*WORK REQUEST*
Exact copies of all entries are needed. Pictures are to be left out.

┌────────

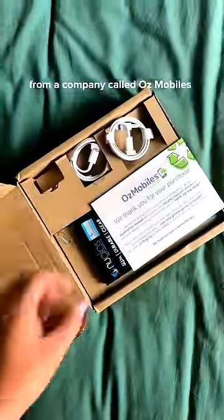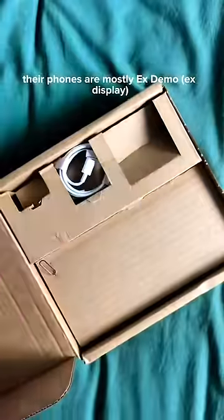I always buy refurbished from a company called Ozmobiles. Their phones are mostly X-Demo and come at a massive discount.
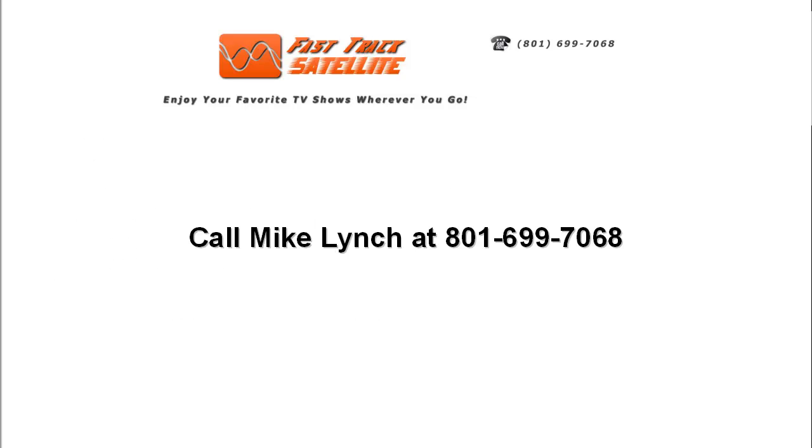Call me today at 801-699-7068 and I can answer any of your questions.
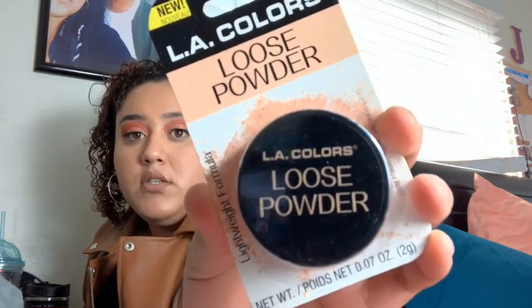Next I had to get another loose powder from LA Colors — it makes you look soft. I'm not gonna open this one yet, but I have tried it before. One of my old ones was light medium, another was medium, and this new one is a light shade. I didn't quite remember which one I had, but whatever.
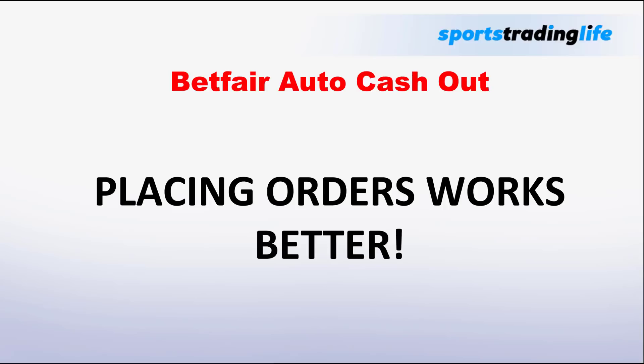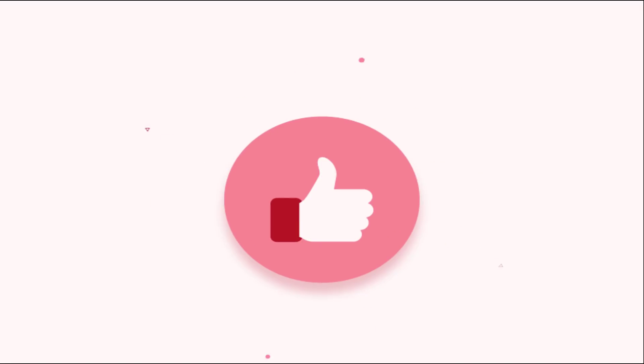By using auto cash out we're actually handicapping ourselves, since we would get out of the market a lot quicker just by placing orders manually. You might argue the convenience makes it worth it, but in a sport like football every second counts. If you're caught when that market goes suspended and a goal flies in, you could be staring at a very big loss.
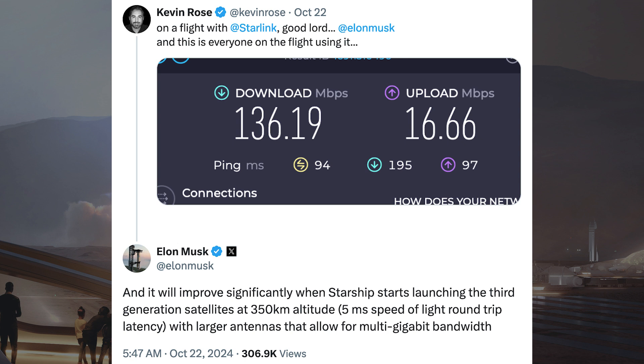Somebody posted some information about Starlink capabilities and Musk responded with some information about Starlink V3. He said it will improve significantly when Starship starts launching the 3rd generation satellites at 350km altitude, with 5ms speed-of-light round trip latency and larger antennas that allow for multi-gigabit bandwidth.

└────────

*FINISHED TASK*
I always buy refurbished from a company called Ozmobiles. Their phones are mostly X-Demo and come at a massive discount.
Call me today at 801-699-7068 and I can answer any of your questions.
Next I had to get another loose powder from LA Colors — it makes you look soft. I'm not gonna open this one yet, but I have tried it before. One of my old ones was light medium, another was medium, and this new one is a light shade. I didn't quite remember which one I had, but whatever.
By using auto cash out we're actually handicapping ourselves, since we would get out of the market a lot quicker just by placing orders manually. You might argue the convenience makes it worth it, but in a sport like football every second counts. If you're caught when that market goes suspended and a goal flies in, you could be staring at a very big loss.
Somebody posted some information about Starlink capabilities and Musk responded with some information about Starlink V3. He said it will improve significantly when Starship starts launching the 3rd generation satellites at 350km altitude, with 5ms speed-of-light round trip latency and larger antennas that allow for multi-gigabit bandwidth.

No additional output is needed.